*Data below*.
※ ※ ※
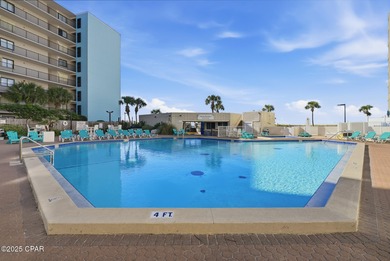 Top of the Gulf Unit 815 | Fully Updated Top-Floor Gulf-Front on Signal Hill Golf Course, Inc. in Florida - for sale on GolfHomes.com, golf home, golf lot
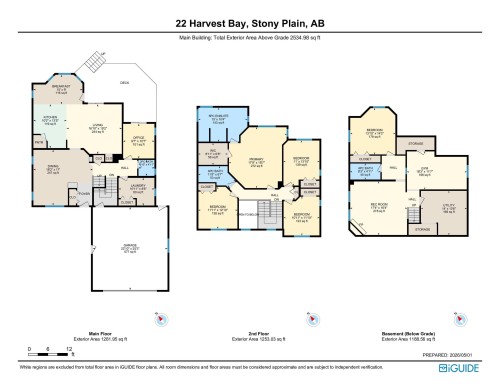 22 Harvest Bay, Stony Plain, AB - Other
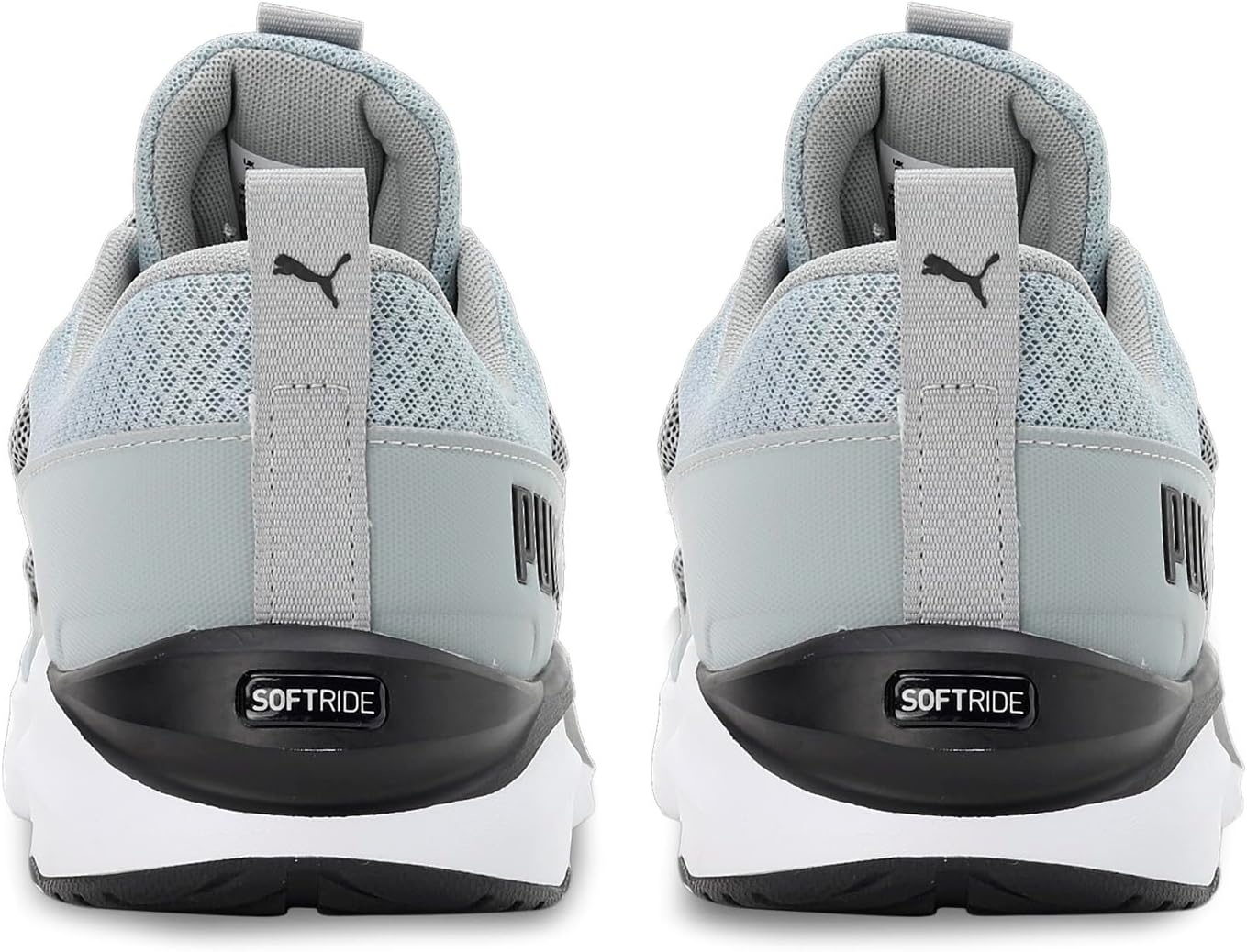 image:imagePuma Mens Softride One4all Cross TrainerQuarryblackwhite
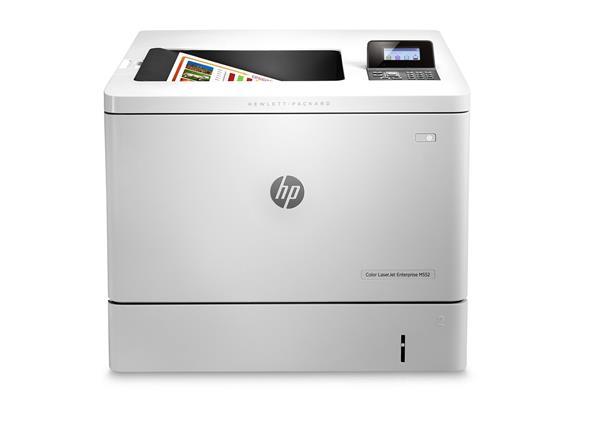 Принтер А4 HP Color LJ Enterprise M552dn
※ ※ ※
Wherever a picture appears in the listing above, drop it, and restate the rest exactly.

 Top of the Gulf Unit 815 | Fully Updated Top-Floor Gulf-Front on Signal Hill Golf Course, Inc. in Florida - for sale on GolfHomes.com, golf home, golf lot
 22 Harvest Bay, Stony Plain, AB - Other
 image:imagePuma Mens Softride One4all Cross TrainerQuarryblackwhite
 Принтер А4 HP Color LJ Enterprise M552dn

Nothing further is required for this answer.